Making a song for the Barbie movie allowed Billie Eilish to move past a “really dark place” in her life, she said as she took home a top prize at the Grammys.
The American singer, 22, appeared stunned as she won song of the year for her Barbie The Album ballad What Was I Made For? during the 66th prestigious music awards ceremony.
On stage, she thanked the director of the blockbuster doll film Greta Gerwig for “making the best movie of the year”, with the video cutting over to show her fellow nominee in that category, Taylor Swift, nodding in agreement.
She also praised her brother and fellow collaborator Finneas O’Connell, whom she described as her best friend.
Eilish also won a Grammy for best song written for visual media on Sunday.
Speaking in the winners’ room, she said: “To be real with you, we had really been writing absolutely nothing before we had that opportunity to write for Barbie, we had been working three days a week and not coming up with stuff.
“And even if we were coming up with stuff, it just didn’t feel right, didn’t feel good, didn’t feel real, and I got really worried, nervous.
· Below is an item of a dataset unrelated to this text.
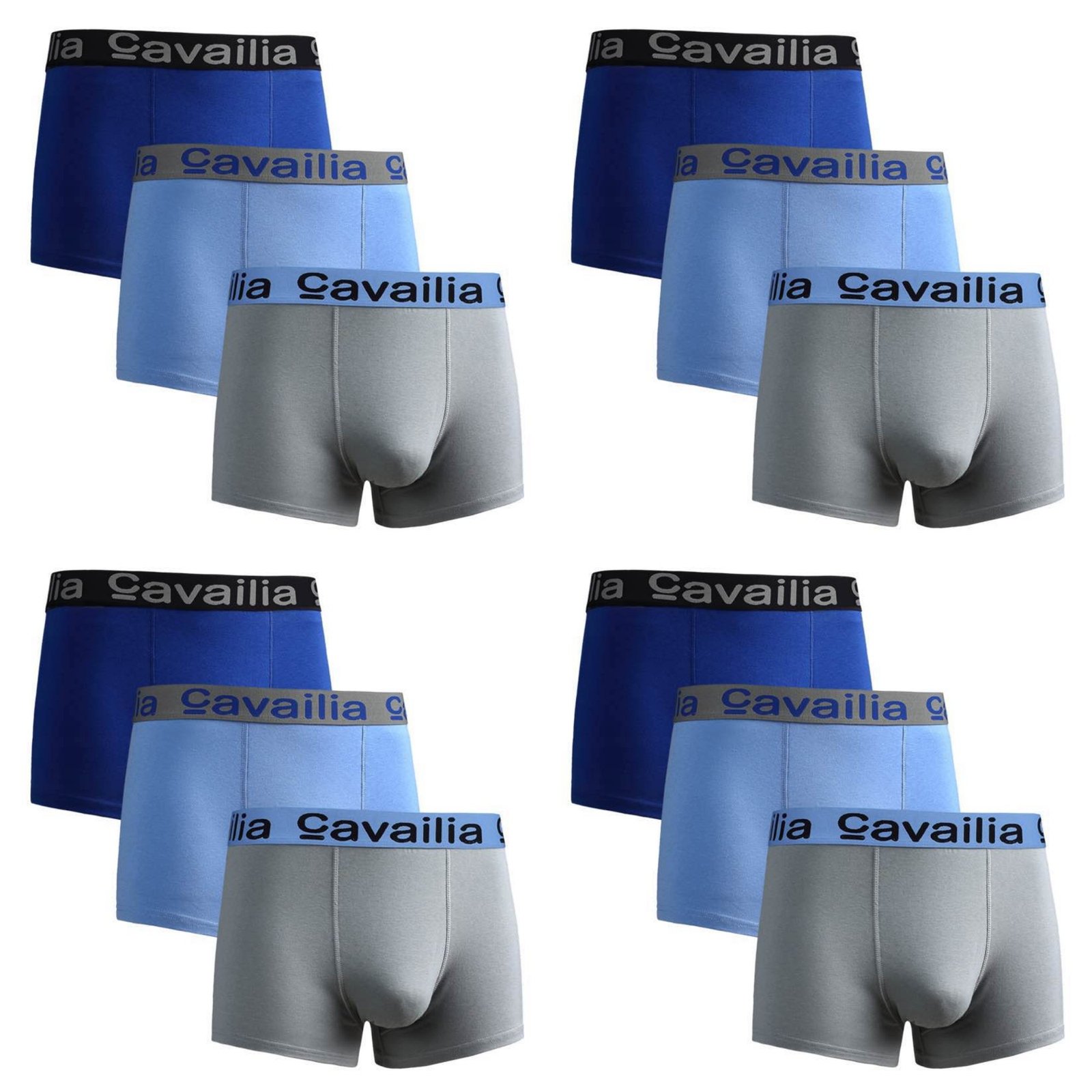 Hboxc 07 12 Pack Cotton Boxer Shorts – Solid Blue Everyday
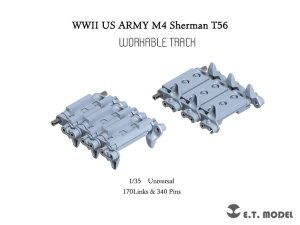 画像1: E.T.MODEL[P35-088]1/35 WWII アメリカ M4シャーマン中戦車用 T56型 可動式履帯(3Dプリント製) (1)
I felt like it was (going to) be over a little bit.
“I was in a really dark place, really, really dark place and it’s kind of hard to think back to it.
“But Greta came to us, she offered us this life-changing thing … we wrote that song in the 24 hours after we saw the movie, and we wrote it under two hours, if not one hour.
“Honestly, from then on we were just creative again, it woke us up and got us back on our thing and it was really special and powerful and I hold it deep, deep and dear to my heart.”
Eilish also said she felt “seen and heard” after releasing the track, which reached number one in the UK charts.
“When we made it I didn’t know how much this is going to translate. I felt kind of outside the box,” she added.
“I felt isolated in my own world and I really was in a period of my life where I did not feel seen at all.
“The way people reacted when it came out. I was completely blown away by the way I felt understood and this (the Grammy) just goes even farther than that.”
She also performed her Grammy-winning track at the ceremony, dressed as the 1965 Barbie Poodle Parade doll wearing black sunglasses and a pink head scarf, with O’Connell on the piano.